The first mention of the village comes from the company of Sultan Suleiman the Magnificent in a firman directed to Hasan, a bey of Akkerman and the Sandžak. It mentions that according to information provided by Moldovan voivode Alexandru Lăpușneanu, bandits who had committed murders and robberies had found shelter in Varnița or Varnigea near Bender. There is a hypothesis according to which the town was established immediately after the creation of Bender in 1538.

===The Second Stockholm===
After losing the battle of Poltava, Swedish King Charles XII lived in the village in 1709-1713. The king set up a military camp in here which was called the Second Stockholm. The settlement included his Cossack and Moldavian allies, notably among whom was Ivan Mazepa, who died in Varnița. In 1925, at the request of the Swedish authorities, a memorial obelisk was erected here. A separate monument commemorates the figure of Mazepa.
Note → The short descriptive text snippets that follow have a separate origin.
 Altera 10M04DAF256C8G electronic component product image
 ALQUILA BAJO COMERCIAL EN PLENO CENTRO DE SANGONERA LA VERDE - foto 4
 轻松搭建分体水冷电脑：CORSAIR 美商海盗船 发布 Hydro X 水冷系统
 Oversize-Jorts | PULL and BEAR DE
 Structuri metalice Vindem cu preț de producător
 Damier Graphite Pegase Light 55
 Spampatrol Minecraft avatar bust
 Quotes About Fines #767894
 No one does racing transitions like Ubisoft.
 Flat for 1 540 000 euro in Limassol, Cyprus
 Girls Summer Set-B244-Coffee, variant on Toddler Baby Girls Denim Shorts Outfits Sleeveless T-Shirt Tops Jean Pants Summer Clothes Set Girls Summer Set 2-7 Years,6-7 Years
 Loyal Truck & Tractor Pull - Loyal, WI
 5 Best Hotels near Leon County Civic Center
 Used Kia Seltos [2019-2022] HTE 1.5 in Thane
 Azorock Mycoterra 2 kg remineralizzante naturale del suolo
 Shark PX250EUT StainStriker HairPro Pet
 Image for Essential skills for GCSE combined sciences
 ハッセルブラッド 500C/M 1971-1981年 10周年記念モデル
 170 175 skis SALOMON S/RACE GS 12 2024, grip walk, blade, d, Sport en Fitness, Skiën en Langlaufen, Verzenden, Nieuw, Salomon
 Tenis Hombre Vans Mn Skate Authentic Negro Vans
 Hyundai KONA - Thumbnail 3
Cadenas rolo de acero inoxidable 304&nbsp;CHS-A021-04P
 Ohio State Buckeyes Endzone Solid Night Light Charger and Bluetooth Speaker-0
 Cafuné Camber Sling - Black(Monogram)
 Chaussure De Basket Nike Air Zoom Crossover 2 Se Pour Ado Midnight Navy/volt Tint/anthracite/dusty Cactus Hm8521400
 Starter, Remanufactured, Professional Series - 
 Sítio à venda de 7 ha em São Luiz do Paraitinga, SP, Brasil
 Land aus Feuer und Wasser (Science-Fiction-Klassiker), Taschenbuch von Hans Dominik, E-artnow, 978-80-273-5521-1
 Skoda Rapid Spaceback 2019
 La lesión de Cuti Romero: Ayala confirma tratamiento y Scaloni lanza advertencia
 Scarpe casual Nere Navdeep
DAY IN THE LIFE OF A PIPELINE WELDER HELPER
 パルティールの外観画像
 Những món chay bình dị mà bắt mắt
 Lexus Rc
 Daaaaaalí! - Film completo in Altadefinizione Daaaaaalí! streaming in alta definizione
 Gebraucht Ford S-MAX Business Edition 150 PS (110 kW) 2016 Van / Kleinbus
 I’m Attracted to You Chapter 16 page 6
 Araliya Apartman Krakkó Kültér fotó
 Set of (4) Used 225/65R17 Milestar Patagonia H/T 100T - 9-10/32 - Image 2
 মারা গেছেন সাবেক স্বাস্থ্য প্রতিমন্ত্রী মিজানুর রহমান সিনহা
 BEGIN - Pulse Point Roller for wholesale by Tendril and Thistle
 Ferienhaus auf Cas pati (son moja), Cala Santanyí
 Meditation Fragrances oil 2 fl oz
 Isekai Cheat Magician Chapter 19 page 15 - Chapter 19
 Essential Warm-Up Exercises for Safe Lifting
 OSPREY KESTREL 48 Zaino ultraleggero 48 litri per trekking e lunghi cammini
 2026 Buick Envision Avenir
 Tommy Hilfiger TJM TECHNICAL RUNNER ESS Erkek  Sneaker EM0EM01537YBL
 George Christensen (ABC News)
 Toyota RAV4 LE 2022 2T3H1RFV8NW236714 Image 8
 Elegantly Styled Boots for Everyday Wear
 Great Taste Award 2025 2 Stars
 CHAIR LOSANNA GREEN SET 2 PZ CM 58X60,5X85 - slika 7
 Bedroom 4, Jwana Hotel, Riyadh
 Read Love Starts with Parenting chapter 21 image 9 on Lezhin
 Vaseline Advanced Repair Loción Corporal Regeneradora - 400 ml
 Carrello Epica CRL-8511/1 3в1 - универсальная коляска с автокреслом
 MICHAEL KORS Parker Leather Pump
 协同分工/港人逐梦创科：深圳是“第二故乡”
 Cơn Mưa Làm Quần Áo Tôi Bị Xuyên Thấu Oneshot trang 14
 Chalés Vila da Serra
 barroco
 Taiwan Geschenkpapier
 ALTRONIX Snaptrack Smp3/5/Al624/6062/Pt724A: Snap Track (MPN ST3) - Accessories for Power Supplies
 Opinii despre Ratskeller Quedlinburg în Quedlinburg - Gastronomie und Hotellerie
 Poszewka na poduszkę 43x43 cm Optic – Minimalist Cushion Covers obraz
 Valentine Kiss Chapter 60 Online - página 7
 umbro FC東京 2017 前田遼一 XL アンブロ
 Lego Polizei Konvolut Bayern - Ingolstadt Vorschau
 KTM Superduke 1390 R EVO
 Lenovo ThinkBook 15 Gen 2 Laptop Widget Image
In 2016, the remains of the palace of Charles XII were found in the village.

==Territorial dispute between Moldova and Transnistria==
The leaders of Transnistria claim Varnița as being part of the Pridnestrovian Moldavian Republic, but the attempts of Transnistrian authorities to take control of the village have failed to date. This conflict likely stems from Varnița being a port on the Dniester River, and began in 2006.

In 2006, the parties announced their willingness to settle the dispute in court, and the authorities in Transnistria announced that until the verdict was handed down, the control of port infrastructure should be exercised by the mainly Russian soldiers stationed in Transnistria since 1992. After the soldiers entered Varnița, the United States Embassy in Chișinău became interested in the case, calling for the return of the port of Moldova. The European Union also called on both sides to calm and de-escalate the conflict. Finally, a Moldovan court stated that the port was the property of local authorities. The incident around the port was artificially blown up by both parties, both possessing a key interest in keeping international organizations involved in the conflict over Transnistria. In 2013, another border incident occurred in the village, when residents destroyed border checkpoints built by Transnistria in response to the Moldovan announcement of erecting such points in the security zone. That same year, the president of Transnistria, Evgeni Shevchuk, by decree unilaterally announced the extension of the Transnistria borders to include Varniţa.

==Demographics==

According to the 2004 Moldovan census, there were 4,210 inhabitants, 3,390 of which were ethnic Moldovans, 454 Russians, 228 Ukrainians, 50 Roma, 35 Bulgarians, 15 Gagauzes, 1 Jew, 1 Pole, and 36 other/undeclared.

According to the 1930 Romanian census, the population was 94.8% Romanian, 3.7% Russian and 1.16% Jewish.